DM: Any memorable shows or a favorite stop so far?
AH: Our show in Tulsa, Oklahoma, was really fun. The venue we played [Caine’s Ballroom] was the home of Bob Wills and His Texas Playboys, which I’m a huge fan of.
DM: Just more than a year ago, you guys came and played a show at Proud Larry’s in Oxford. What exciting new things have you been up to since then?
AH: We’ve been to Europe since then, which is exciting. We’ll be going back in November. I don’t know; we’ve had so much going on. It’s been hard to keep up with. We keep getting a lot of NPR love, and we just left New York and did a Facebook live session with Rolling Stone and Billboard. All of these major publications are checking in with us, and it’s really gratifying.
DM: I recently saw that you guys did an NPR Live session on Facebook and filmed an Audiotree Session Live, which is something I’ve been watching for years. What’s it like being behind the scenes on live shows like that?
AH: Everyone we’ve worked with has been really good people with good vibes. The fun part is you get to reimagine yourself. It’s pretty exciting.
DM: As a band from the South — Louisiana, in particular — what’s something that you want people to see about what influenced you growing up in your homeland?
AH: I don’t know; it’s more about what people get from the show, period. It’s not like we are a Cajun band; we’re a rock-and-roll band.
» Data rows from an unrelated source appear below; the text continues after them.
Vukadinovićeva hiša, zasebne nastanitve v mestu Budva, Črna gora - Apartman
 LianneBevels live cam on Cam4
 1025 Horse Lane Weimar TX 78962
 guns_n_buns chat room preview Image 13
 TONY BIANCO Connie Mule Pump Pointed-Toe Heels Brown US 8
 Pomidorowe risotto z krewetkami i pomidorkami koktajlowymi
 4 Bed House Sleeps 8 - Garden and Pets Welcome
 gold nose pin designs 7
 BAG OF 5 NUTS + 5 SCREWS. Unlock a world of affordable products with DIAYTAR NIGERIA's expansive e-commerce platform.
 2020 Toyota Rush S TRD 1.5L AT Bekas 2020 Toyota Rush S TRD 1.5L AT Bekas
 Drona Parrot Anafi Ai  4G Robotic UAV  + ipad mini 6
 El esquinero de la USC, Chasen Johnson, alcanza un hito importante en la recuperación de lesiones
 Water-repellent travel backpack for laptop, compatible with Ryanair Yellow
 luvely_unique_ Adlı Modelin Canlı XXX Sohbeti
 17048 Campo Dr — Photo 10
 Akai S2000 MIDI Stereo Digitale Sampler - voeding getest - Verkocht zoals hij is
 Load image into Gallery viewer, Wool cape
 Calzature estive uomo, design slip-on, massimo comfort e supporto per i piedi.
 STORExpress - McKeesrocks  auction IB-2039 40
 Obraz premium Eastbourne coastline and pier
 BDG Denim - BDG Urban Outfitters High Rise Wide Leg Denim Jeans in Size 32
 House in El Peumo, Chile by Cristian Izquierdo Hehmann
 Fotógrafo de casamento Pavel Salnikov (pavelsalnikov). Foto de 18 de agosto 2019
I think of someone asking Mick Jagger like, ‘What part of the UK influenced you?’ It’s not about that; it’s about being a part of this whole thing. Of course, being a musician, you’re kind of an ambassador for where you’re from, but it can detract from the artists. It’s always fun to know the story behind the band, but what’s important to me is that people have a good time.
DM: What’s something that makes you guys stand out from Louisiana blues-rock music that you feel people might find unique?
AH: We listen to blues, and blues is a part of our vernacular, but I damn sure wouldn’t call us a blues band. If anything, we have anti-blues songs. But as far as standing out, I’m very proud of the songs we’ve written, and we’re all proud to perform the songs we’ve made.
DM: With all of these publications giving you guys recognition, is this something you anticipated whenever you started as a band? Did you expect to be where you are now?
AH: I’d hope so! We put a lot of work in, and you want to see growth, and all of this recognition is a part of this growth. We worked really hard, and it’s exciting! Had I imagined this? Not really, because you don’t really know what’s it’s like until you’re in it.
DM: There are a lot of positive reviews coming in on the new album. How does that feel?
AH: It’s great, really.
DM: Last question: are there any important lessons you’ve learned on the road over the past year, and if so, how do they affect the way you perform and travel?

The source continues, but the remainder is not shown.